Note I said more or less. The problem that people seem to come up
against is that once you get to weapons of the scale that they *can*
damage heavier vehicles and/or ships, they tend to obliterate them
entirely. Sort of an "all or nothing" approach.
But this is true to life. A HEAT round makes a relatively small
hole in a tank, but totally trashes the inside, usually causing fuel and
ammo to cook off in addition to the basic round of the damage itself. An
Exocet missile is going to cause most ships it hits to sink in very short
order. Only military vessels with massive redundancy and active damage
control procedures are going to be able to stand up to a single hit. And
more than one? Unless you're in something huge that can afford to soak
the hits, seal off watertight compartments, and still float, you're
pretty much screwed. That's why point-defense and anti-missile capability
are so important in todays navies.
It's also why vehicles like tanks don't operate unsupported.
They're too easy to kill with the right equipment, and the right equipment
is man-portable.

Yes, a heavy pistol is going to play hell on a Dodge Scoot. It'll
even put holes in an Americar. Not big holes, but if you put enough of
them in it, you might just damage something. An assault rifle is going to
do bad things to an Americar (even though the base damage is lower, the
number of rounds will add to both the final power level and the damage
code.
But once you get to the level where bullets don't really have an
impact on vehicle, basically you're just chipping paint. You need a
bigger weapon, and most weapons that are big enough are going to have the
destructive capacity to destroy the vehicle if they can get past its
armor. That's sort of the nature of modern (and post-modern) warfare.
If you really want to make vehicles tougher against small arms
(which is what it sounds like you were getting at), you can simply say
that any weapon which has its damage code reduced also ignores the
shooter's successes for staging the damage up (as with shooting at
Barriers, where it doesn't matter how well you plance the shot). This
reflects the fact that single bullet holes really are trivial to most
vehicles. If you want to do more damage, go for a called shot, which is
specifically targetting a critical or less armored part of the vehicle.

Marc
Message no. 2
From: Tzeentch tzeentch666@*********.net
Subject: Vehicle Scaling System
Date: Tue, 9 May 2000 12:34:27 -0700
From: "Marc Renouf" <renouf@********.com>
> Having read through the posts pertaining to this thread, I'm
> afraid I don't see much of a need to scale things in the first place. I
> mean, you have personal scale, vehicular scale, and naval scale. Those
> three seem to cover most of what you're going to run into, and they do it
> in a way that's more or less realistic.
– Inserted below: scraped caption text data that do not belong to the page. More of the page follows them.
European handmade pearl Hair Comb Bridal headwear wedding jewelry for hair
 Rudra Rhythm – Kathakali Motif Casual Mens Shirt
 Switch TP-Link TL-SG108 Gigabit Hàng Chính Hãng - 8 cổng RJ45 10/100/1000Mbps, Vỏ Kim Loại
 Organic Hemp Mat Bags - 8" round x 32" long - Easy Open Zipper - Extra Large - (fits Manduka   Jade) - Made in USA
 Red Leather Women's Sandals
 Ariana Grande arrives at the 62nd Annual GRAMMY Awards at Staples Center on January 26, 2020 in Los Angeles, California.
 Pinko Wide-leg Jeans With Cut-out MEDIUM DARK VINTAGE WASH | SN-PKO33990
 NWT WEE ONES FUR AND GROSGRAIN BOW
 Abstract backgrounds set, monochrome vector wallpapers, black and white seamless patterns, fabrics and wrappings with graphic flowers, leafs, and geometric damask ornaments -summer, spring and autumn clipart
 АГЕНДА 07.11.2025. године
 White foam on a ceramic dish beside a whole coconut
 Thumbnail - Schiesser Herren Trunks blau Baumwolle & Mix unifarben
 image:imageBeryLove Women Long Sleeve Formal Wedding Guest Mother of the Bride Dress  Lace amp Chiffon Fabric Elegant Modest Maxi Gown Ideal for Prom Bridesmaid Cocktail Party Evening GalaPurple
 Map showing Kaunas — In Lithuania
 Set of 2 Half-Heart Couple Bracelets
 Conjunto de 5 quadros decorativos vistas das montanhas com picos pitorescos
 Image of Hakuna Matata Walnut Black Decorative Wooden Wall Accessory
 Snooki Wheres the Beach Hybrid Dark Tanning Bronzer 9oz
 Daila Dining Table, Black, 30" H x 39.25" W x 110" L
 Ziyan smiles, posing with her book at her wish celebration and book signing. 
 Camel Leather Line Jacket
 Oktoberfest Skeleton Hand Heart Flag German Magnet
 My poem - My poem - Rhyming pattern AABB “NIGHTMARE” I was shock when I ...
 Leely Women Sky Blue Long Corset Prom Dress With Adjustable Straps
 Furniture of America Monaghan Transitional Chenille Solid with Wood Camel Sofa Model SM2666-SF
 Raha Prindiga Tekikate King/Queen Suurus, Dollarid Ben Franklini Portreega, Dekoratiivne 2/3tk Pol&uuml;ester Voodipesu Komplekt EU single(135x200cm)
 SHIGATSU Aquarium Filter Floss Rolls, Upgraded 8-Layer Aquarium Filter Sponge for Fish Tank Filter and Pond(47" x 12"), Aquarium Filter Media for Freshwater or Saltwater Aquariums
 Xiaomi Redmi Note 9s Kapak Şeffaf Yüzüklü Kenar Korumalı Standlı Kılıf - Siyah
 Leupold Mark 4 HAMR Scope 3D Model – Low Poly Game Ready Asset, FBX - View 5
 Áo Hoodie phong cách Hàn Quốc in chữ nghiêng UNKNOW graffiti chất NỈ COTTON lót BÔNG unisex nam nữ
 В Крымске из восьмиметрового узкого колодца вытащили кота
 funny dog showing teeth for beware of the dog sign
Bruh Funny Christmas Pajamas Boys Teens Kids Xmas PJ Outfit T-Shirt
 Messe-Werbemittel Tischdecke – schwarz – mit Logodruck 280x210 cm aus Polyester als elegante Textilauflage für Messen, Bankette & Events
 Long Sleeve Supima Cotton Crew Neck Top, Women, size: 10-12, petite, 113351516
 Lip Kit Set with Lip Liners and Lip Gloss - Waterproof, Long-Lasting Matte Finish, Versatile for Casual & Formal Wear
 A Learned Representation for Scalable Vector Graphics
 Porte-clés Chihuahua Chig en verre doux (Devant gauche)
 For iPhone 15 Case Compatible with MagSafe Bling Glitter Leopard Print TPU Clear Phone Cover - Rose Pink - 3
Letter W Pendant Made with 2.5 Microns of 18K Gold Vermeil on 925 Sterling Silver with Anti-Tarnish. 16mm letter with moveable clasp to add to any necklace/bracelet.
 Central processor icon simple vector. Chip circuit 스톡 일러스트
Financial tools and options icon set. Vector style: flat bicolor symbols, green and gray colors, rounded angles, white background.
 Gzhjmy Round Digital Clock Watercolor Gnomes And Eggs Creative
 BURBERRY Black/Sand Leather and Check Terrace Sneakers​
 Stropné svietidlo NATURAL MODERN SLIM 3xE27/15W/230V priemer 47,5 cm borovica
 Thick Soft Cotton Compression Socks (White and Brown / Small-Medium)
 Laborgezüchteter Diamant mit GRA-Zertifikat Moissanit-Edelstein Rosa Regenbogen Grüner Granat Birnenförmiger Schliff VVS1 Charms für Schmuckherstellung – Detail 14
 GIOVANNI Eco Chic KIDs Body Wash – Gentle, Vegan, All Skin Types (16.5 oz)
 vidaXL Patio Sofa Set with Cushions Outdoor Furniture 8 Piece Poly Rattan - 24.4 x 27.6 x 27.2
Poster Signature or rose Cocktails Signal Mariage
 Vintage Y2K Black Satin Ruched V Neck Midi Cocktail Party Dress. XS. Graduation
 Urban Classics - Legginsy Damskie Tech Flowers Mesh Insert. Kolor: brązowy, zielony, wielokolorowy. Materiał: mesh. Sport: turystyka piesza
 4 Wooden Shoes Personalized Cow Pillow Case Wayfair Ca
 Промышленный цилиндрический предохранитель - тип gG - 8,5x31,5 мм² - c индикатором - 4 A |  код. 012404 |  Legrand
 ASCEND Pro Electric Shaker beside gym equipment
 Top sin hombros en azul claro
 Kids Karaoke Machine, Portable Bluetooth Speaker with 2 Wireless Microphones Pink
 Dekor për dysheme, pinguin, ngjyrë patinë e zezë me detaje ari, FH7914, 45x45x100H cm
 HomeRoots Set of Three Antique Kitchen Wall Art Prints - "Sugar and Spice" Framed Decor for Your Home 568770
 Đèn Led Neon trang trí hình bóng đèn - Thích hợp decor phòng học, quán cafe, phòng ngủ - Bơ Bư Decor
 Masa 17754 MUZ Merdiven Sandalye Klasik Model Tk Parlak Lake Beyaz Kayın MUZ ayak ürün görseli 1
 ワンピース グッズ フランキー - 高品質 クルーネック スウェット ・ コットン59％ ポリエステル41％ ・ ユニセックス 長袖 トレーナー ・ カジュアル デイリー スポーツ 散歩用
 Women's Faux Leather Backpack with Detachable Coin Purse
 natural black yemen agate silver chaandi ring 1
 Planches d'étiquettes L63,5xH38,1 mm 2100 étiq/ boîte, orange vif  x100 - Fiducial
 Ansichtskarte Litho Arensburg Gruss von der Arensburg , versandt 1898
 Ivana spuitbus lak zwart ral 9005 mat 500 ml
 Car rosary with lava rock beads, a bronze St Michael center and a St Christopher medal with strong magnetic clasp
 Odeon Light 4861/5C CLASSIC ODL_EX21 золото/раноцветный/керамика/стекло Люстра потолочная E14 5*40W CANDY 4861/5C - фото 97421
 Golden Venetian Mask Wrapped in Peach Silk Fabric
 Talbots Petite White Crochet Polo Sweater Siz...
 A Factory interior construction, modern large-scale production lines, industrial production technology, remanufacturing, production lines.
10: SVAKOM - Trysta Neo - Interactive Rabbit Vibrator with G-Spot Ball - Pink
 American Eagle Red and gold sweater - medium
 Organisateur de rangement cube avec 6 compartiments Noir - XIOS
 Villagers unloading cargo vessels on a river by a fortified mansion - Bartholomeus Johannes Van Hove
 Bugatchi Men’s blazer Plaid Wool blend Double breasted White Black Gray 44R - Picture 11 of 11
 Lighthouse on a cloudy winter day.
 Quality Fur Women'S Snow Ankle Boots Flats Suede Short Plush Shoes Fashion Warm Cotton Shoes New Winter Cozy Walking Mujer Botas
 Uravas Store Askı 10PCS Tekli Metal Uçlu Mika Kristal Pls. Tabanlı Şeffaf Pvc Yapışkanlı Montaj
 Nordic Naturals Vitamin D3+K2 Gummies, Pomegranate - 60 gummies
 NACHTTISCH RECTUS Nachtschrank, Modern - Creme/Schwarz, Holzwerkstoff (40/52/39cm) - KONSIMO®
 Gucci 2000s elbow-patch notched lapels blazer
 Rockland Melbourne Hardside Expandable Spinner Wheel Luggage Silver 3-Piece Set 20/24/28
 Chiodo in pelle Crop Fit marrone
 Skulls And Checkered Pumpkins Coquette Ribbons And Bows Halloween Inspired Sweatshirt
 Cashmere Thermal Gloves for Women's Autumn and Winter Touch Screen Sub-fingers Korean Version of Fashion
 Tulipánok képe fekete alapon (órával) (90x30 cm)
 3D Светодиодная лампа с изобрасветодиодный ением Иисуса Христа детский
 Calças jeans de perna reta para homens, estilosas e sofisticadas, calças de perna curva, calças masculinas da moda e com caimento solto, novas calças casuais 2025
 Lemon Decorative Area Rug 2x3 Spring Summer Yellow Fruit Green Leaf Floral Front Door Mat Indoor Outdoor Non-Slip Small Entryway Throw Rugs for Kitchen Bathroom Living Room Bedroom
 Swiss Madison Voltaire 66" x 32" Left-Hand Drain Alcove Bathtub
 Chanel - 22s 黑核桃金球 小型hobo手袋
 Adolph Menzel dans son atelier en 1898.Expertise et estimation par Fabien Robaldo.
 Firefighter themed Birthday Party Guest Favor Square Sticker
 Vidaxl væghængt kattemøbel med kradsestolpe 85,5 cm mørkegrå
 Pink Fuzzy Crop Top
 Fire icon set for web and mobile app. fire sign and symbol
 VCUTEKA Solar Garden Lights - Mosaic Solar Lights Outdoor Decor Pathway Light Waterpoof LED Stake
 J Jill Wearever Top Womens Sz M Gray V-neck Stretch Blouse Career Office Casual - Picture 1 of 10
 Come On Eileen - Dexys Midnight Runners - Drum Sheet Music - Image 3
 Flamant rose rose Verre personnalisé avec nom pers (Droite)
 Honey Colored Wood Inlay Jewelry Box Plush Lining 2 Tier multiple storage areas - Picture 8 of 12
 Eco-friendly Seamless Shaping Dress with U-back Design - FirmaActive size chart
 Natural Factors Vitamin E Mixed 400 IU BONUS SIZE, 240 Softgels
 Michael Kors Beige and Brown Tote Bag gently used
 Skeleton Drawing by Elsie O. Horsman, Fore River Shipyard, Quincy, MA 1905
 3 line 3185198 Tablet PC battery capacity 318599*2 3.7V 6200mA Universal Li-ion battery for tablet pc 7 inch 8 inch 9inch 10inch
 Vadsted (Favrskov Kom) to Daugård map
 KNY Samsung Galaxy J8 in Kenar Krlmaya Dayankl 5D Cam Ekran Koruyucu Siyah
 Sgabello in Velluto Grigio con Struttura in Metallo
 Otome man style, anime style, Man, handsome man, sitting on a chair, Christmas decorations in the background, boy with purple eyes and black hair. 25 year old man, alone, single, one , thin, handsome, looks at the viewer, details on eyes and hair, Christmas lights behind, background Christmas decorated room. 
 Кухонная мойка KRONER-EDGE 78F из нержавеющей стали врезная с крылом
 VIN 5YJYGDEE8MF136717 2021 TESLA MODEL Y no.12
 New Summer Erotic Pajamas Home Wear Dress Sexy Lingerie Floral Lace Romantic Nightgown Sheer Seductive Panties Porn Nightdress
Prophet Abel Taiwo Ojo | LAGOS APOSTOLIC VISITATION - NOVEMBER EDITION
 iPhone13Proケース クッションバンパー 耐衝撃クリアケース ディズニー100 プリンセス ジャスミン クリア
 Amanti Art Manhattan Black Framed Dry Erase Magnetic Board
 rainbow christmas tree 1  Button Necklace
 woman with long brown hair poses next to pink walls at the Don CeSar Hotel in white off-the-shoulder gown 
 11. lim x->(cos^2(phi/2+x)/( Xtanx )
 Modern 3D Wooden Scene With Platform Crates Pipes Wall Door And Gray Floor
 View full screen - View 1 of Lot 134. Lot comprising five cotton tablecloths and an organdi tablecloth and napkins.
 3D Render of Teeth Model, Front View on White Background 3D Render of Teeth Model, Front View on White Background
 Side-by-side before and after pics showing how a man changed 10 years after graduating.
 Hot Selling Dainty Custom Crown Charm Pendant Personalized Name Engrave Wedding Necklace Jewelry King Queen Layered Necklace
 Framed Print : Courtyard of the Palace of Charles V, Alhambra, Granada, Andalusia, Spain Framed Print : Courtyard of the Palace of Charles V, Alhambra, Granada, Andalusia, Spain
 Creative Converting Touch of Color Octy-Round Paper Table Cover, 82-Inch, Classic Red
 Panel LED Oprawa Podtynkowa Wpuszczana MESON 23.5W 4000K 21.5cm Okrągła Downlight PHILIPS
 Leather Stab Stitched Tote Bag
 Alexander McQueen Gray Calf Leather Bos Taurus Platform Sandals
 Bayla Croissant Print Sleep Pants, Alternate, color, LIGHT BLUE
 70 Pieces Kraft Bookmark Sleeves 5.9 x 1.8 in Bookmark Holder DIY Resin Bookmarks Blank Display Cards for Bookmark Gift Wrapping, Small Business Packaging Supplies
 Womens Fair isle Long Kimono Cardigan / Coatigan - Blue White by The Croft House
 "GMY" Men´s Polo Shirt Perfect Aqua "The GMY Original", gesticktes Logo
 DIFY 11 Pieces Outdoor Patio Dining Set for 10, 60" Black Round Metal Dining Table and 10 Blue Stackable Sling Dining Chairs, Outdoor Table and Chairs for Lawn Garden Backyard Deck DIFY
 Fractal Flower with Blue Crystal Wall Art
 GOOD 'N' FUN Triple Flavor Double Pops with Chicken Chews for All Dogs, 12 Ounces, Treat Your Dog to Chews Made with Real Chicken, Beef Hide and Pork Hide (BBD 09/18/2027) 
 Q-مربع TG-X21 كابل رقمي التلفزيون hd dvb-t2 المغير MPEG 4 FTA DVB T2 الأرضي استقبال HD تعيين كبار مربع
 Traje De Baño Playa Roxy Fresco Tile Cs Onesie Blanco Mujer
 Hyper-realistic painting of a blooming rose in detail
Well. I would agree with you on the vehicle scale issue but not the naval
scale. As it stands naval vessels with a Hull of 1 are immune to
conventional weapons. Even hitting it with ATGMs and Bandits will just
scratch the paint -which I find pretty unrealistic. I'm sure Jon was
shooting for making sure that aircraft carriers were not taken out by
ATGM-armed speedboats but it still gives some loopy results. For reference,
p. 166, CP

> Note I said more or less. The problem that people seem to come up
> against is that once you get to weapons of the scale that they *can*
> damage heavier vehicles and/or ships, they tend to obliterate them
> entirely. Sort of an "all or nothing" approach.

I don't see that as true at all. You have to TOTALLY outmatch the target in
order to obliterate it entirely.

> But this is true to life. A HEAT round makes a relatively small
> hole in a tank, but totally trashes the inside, usually causing fuel and
> ammo to cook off in addition to the basic round of the damage itself.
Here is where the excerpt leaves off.